1964: Pop Culture’s Greatest Year?

Garry Berman
13 min readFeb 20, 2024

It may be merely coincidence that a single calendar year could include an unusually high number of major events in any given sphere of life, yet it did indeed happen in American popular culture sixty years ago, throughout the year 1964.

Let’s take a closer look:

Only five weeks after New Year’s Day of ’64 — on February 9 — the Beatles first appeared on The Ed Sullivan Show, one week after “I Want to Hold Your Hand” became their first #1 hit in America. While 728 audience members in the theatre experienced the Beatles singing to them in person, the estimated 73 million more were watching the much-hyped event at home. Sullivan was in his 16th season on the air, and his program had become a staple of American popular culture on Sunday evenings. But this night was to be very different. It quickly became an entertainment event famous for having not only generated unprecedented anticipation, but for surpassing even the highest of expectations.

The reverberations felt throughout millions of households across the country that Sunday evening were immediate. For most parents watching the Beatles’ performance, it was in parts laughable, cacophonous, unseemly, or worse. For their children, however, it was nothing short of electrifying. By the time that single, hour-long program began rolling its closing credits, the Beatles had generated an emotional shock wave of such intensity that it instantly sent an entire generation of American teenagers into a state of sheer exhilaration.

A little less than three months later, and after five years of planning, the New York World’s Fair opened on April 22, twenty-five years after the famous 1939 Fair. Covering nearly 650 acres of land in Queens — some of which had been swamp, some used as a garbage dump — the Fair was the brainchild of New York’s controversial (to say the least) city planner, Robert Moses.

The sprawling grounds of the Fair, with its stainless steel Unisphere and fountains as the centerpiece.
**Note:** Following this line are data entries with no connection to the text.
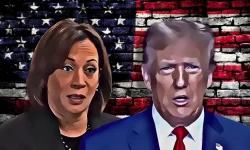 Guerra dei Like: come Trump e Harris usano i social media per raggiungere i giovani elettori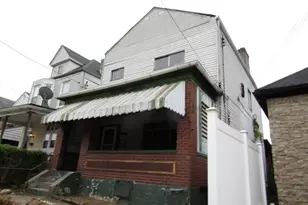 7343 Burton St, Pittsburgh, PA 15218 - Photo 3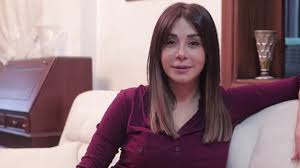 كاريس بشار - ويكيبيديا، أصل كاريس بشار. كاريس بشار ديانتها. هل كاريس بشار علوية. زوج كاريس بشار.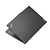 Lenovo ThinkPad T15p Gen 3 (21MA000TRA) Black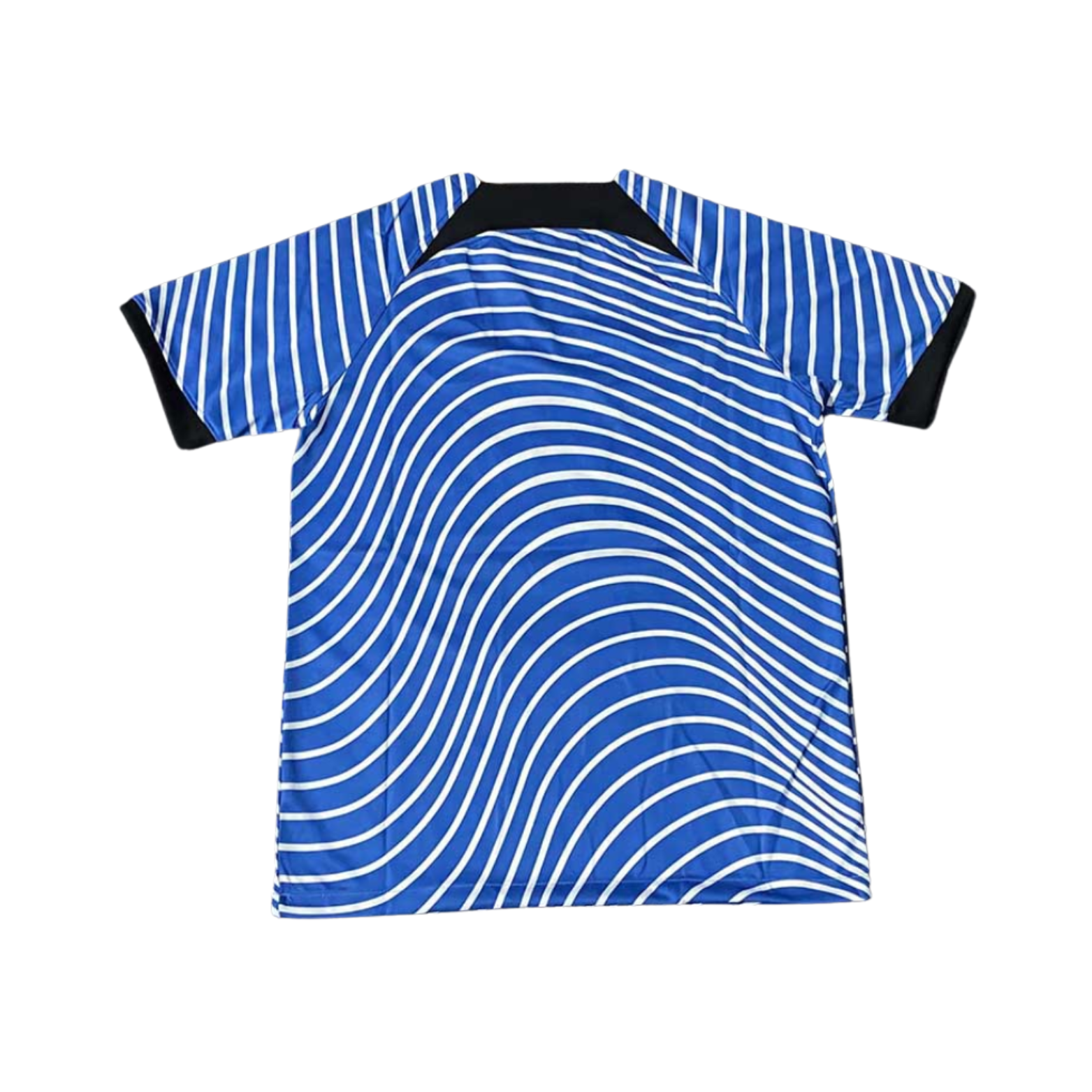 Chelsea Entraînement 23/24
The Fair included 140 pavilions sponsored by such corporate giants as General Electric, Ford, General Motors, Chrysler, Disney, IBM, Bell Telephone, US Steel, Pepsi Cola, Seven Up, Dupont, RCA, and Westinghouse. Moses needed an average of 220,000 visitors per day to bring the Fair into the black, but fell well short of the goal in its two years of operation (except for the closing weekend, in October of 1965).

Just five days before the Fair’s opening, the barely-finished, $28 million Shea Stadium — the new home of the last-place New York Mets — hosted its first home game for the team. Located just a few hundred yards from the World’s Fair entrance, the sparkling, state-of-the-art stadium welcomed a crowd of 50,312 to see the Mets lose to the Pittsburgh Pirates, 4–3. It would remain the team’s home for the next 45 years.
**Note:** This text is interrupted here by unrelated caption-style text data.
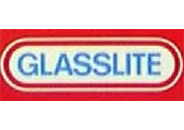 Glasslite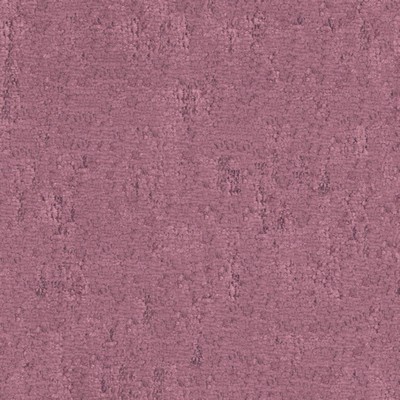 Maxwell Fabrics BRAVA # 829 PLUM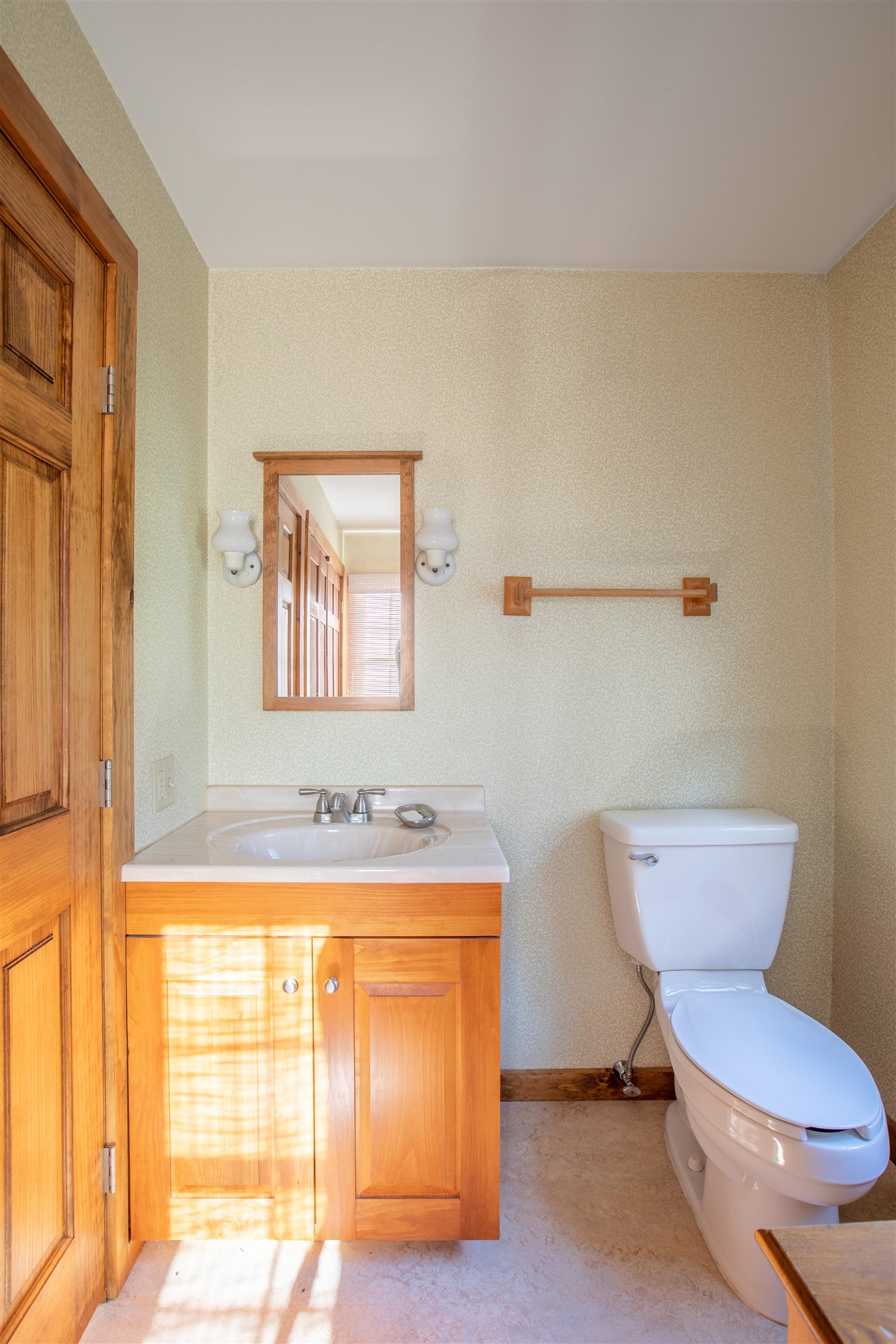 396 Prindle Road Property Photo 9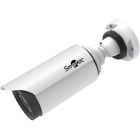  - Smartec STC-IPM5612A/1 rev.2 Estima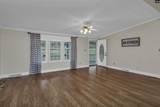 1383 Kingfisher Drive - Photo 26
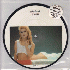 Toyah Echo+Beach 7''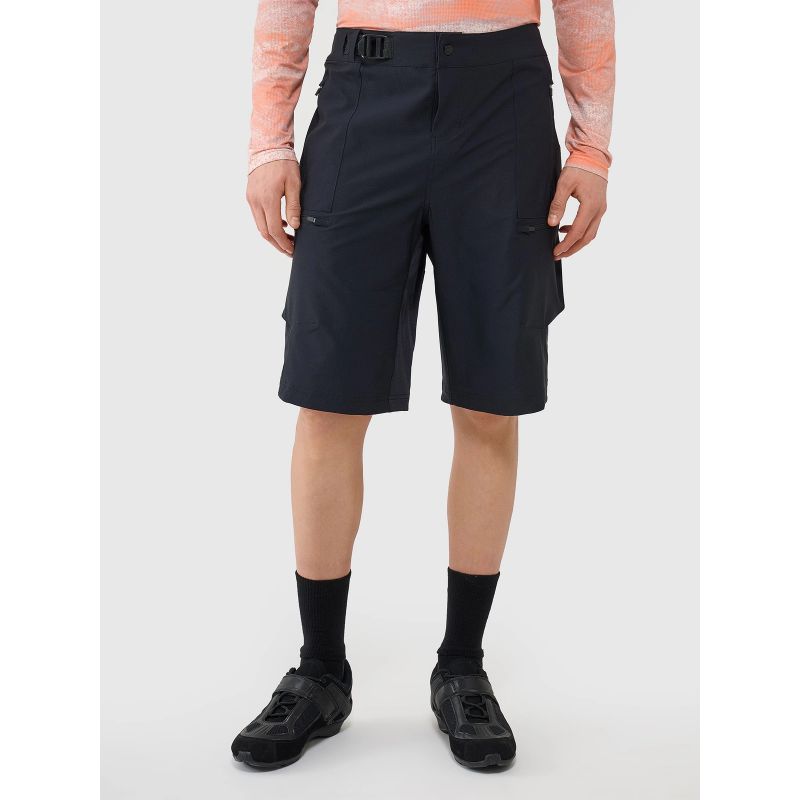4f Men's cycling shorts 4FWSS25TFSHM0886-20S General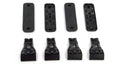Rhino-Rack USA roof rack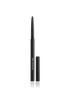 RevitaLash Cosmetics Defining Liner Eyeliner with long-lasting smudge-proof formula.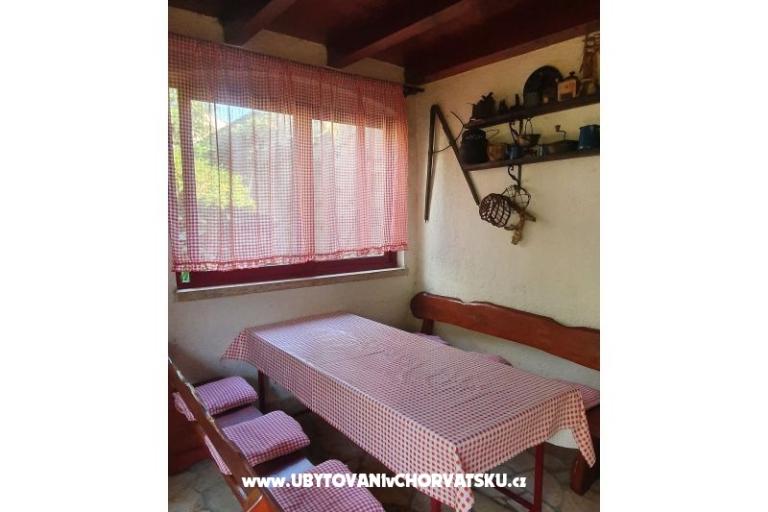 Apartamenty Kero – foto 9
Shea Stadium with the World’s Fair at the upper right corner.

Elsewhere in New York in 1964, the Big Apple’s Broadway theatres offered several legendary productions, some of which were to become among the longest-running shows of their time.

Oliver! premiered at the Imperial Theatre on 6 January 1963. It continued its run throughout most of 1964, before closing on 14 November after 774 performances. The cast featured child actor Bruce Prochnik as Oliver, alongside Georgia Brown, Danny Sewell, and Barry Humphries (later known as “Dame Edna”), reprising their roles as Nancy, Bill Sikes and Mr. Sowerberry, from the original West End production in London. Clive Revill also starred as Fagin, replacing Ron Moody.

Neil Simon’s semi-autobiographical comedy Barefoot in the Park premiered on October 23, 1963.

Simon with Mike Nichols.

The play quickly became a smash, lifting Simon’s success into the stratosphere. Directed by Mike Nichols and starring Robert Redford and Elizabeth Ashley as a young couple recently married, the show was to run for 1,530 performances.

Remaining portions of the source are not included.